We just published a review of the ASUS G53SX, which is equipped with the GTX 560M as well as an excellent (and heavy) cooling solution, but somewhat unfortunately it is the 2GB version so it only has a 128-bit memory bus. Nevertheless, it has higher stock clock speeds and probably a better overclocking potential than its predecessor the GTX 460M thanks to some power optimizations in the chip.
So, before our G53SX review was halfway through, we had already found (or at least thought we found) the sweet spot for the core, shader and memory clocks of our 128-bit GTX 560M at the following:
- 920MHz for the GPU core (original clock 775MHz)
- Shaders 1840MHz (1550MHz) and the memory
- 1600MHz (1250Mhz)
As it turns out it wasn’t as easy s expected. The thing would run perfectly at these very high clocks (courtesy of MSI Afterburner) in most games and benchmarks; Furmark was stable at 92 degrees C (an uncomfortably high temperature, but Furmark is notorious for this) but it was failing in other benchmarks—most notably 3DMark 11. It could run 3DMark Vantage or Furmark in a loop for hours, but in the second scene of 3DMark 11 it would crash without exception.
These crashes should have nothing to do with temperature—these chips can take high temperatures without any (short-term) adverse effects, so more likely the voltage was too low or the driver was unable to handle whatever the particular challenge was. Turning the memory knob back down to 1550 MHz solved the “problem” and even the troublesome 3DMark 11 would finish without issue.

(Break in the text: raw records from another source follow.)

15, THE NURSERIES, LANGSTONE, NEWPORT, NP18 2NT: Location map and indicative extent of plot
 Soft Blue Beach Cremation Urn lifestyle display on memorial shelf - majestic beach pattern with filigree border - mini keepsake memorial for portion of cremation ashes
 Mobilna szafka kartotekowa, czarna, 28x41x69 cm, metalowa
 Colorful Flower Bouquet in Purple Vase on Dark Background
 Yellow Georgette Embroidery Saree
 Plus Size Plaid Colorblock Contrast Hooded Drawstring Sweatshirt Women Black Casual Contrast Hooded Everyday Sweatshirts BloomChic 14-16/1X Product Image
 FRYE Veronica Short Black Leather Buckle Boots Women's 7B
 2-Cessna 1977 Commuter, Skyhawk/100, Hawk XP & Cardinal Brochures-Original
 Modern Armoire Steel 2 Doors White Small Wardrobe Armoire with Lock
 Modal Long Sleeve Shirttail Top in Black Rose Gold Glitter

For the record, the 3DMark 11 score of P2559 is higher than any benchmark we’ve seen so far with the GTX 560M–overclocked or not. The 3D Mark Vantage score is as follows:
In other words there might be some arguments in favor of overclocking the 128-bit GTX 560M, and it could more than even out the differences between this one and the 1.5GB/3GB models with a (triple channel) 192-bit memory bus.On the other hand, the results depend on the individual chips, so saying that “results may vary” is an understatement. Nevertheless, a 10,000+ PCMark Vantage score almost puts this one on par with the much more powerful GTX 570M (although you can of course overclock that one as well).
In 3DMark 06, the result went up from 13,724 to 14,935–a smaller improvement in DX9 as indicated by the review. It seems that the real gains are to be had in DX10 and DX11. The reason is perhaps that the driver support has been improved in the more recent benchmarks compared to the aging, but still relevant, 3DMark 06.
Just to repeat the obvious: this is not necessary. The standard clocks are good enough for any game on the market, but it’s interesting to know that even the 128-bit GTX 560M has quite a bit of room for overclocking.